What was actually ingested
The full ~28:17 transcript was read end-to-end. Some passages about a botched dairy order and renting a refrigerated truck (referenced in the channel description) are present in the transcript at lower density than the wedge/expansion narrative; the wiki source page foregrounds the structural claims and treats the founding-anecdote material as colour.
The transcript repeatedly renders Vori as “Vory” (ASR), and Schenectady as “Skenctity” — corrected against the channel description. The Series B amount ($22M) and lead investor (Cherry Rock Capital) are taken from the channel description as the authoritative attribution.
Linked entities and concepts
Entities promoted by this source:
- Y Combinator — channel; already entity. Bumps source-count.

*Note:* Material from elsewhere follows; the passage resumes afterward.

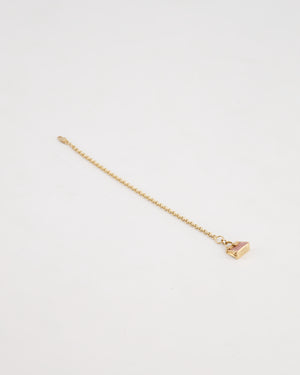 Hermès Rose Gold Pink Diamond Amulette Kelly Pendant Bracelet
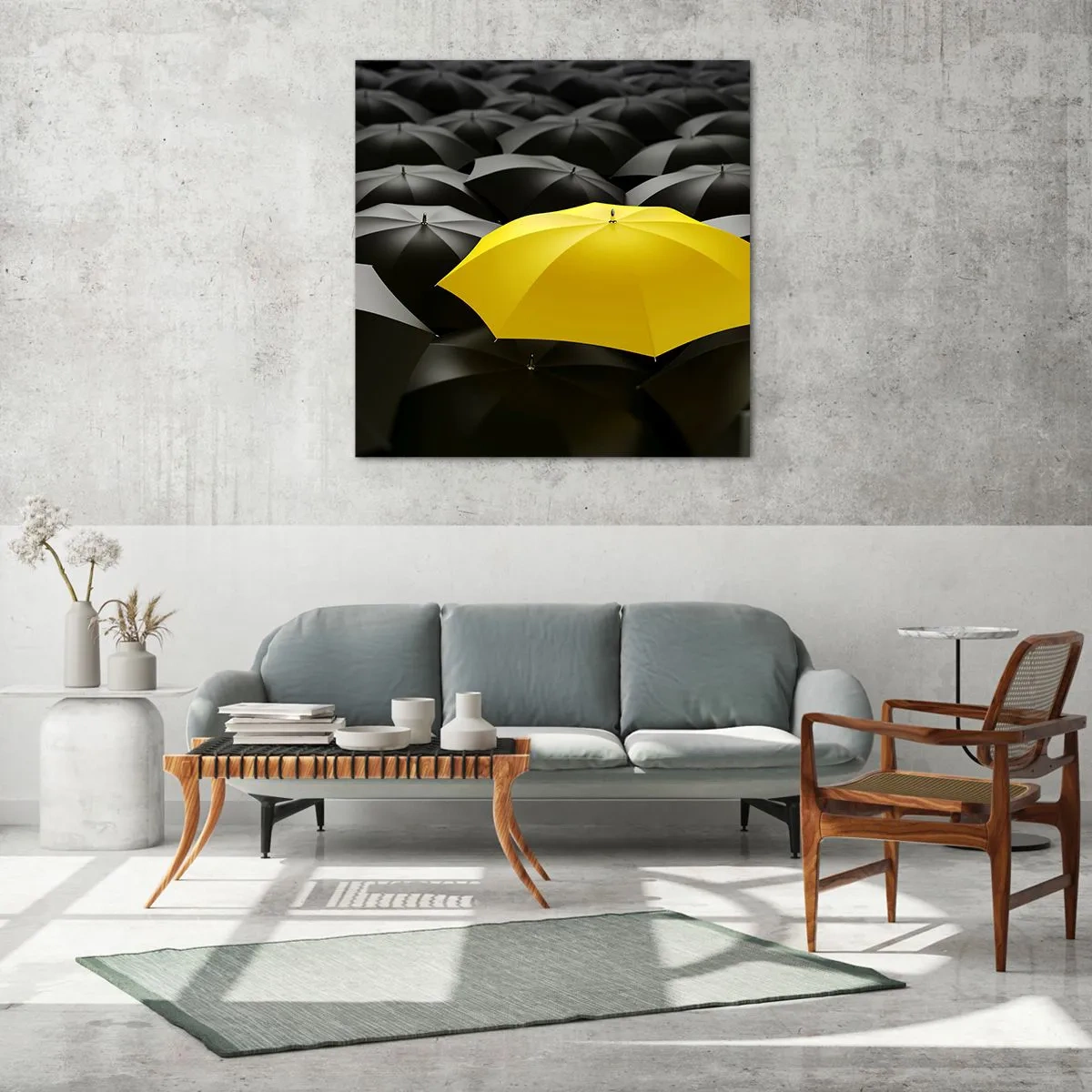 Schilderen op glas - Vaarwel verdriet - 60x60 cm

Dangling — single-source mention, deferred:
- Vori — YC alum (year not stated explicitly in transcript); $22M Series B led by Cherry Rock Capital. First wiki mention; promote on second source.
- Brandon Hill — co-founder and CEO; Stanford CS; third-generation grocery. First wiki mention.
- Trey — Stanford co-founder (worked at Google with Hill); surname not stated.
- Rob — Stanford co-founder; aerospace engineer; ex-SpaceX, ex-Lockheed Martin; self-driving cars at Lyft. Surname not stated.
- Aaron Epstein — YC interviewer; first wiki mention.
- Cherry Rock Capital — lead investor on Vori’s Series B. First wiki mention.
- Michael Seibel — YC partner who advised Hill on the “build what your customer spends the most money on” expansion strategy. First wiki mention; second-source promotion candidate (Seibel is plausibly cited in other YC-channel ingests).
Concept pages touched:
- ai-agents — adds three named production agents (inventory / pricing / personalized-offers) at the grocery-store-OS altitude, with explicit autonomous-action descriptions including the invoice → electronic-shelf-label → POS-checkout-price dynamic-pricing closed loop.
- enterprise-ai-adoption — adds the wedge → ERP-transplant pattern at the SMB-supermarket scale, with median 18–21 day sales cycle, 37 day deployment as a SMB-velocity-with-ERP-stickiness counter-example to the “6 months to sell, 6 months to deploy” enterprise-ERP stereotype.
- ai-employment-effects — adds the repurpose 1–2 headcount per store from valueless work into customer-facing time labour-reallocation claim — substitution at the function level, but reallocation rather than elimination at the headcount level.
Source quality
- Channel: YC Root Access — founder-marketing channel; Founder Firesides series.
- Format: ~28-minute conversational interview, single-camera, founder-led, no slides.
- Empirical anchors: $22M Series B from Cherry Rock Capital (verifiable from press release); $500M+ payments processed in 2 years; 1M+ shoppers served (founder self-reports); 18–21 day median sales cycle and 37 day median deployment cycle (founder self-reports — these are the most verifiable operational claims).
- Bias / motive: Series B announcement; YC channel; founder-vantage; treat all numerical claims as motivated-but-falsifiable.
- Transcript provenance: yt-dlp VTT fallback after the youtube-transcript-skill’s Playwright path failed to render the engagement panel within 90 seconds — the third of four YC Root Access videos in this ingest batch to require fallback. Rolling-caption duplicates de-duplicated by the build script’s suffix-overlap collapse pass; ASR mis-spellings (Vory / Skenctity) noted in body, corrected in attribution against the channel description.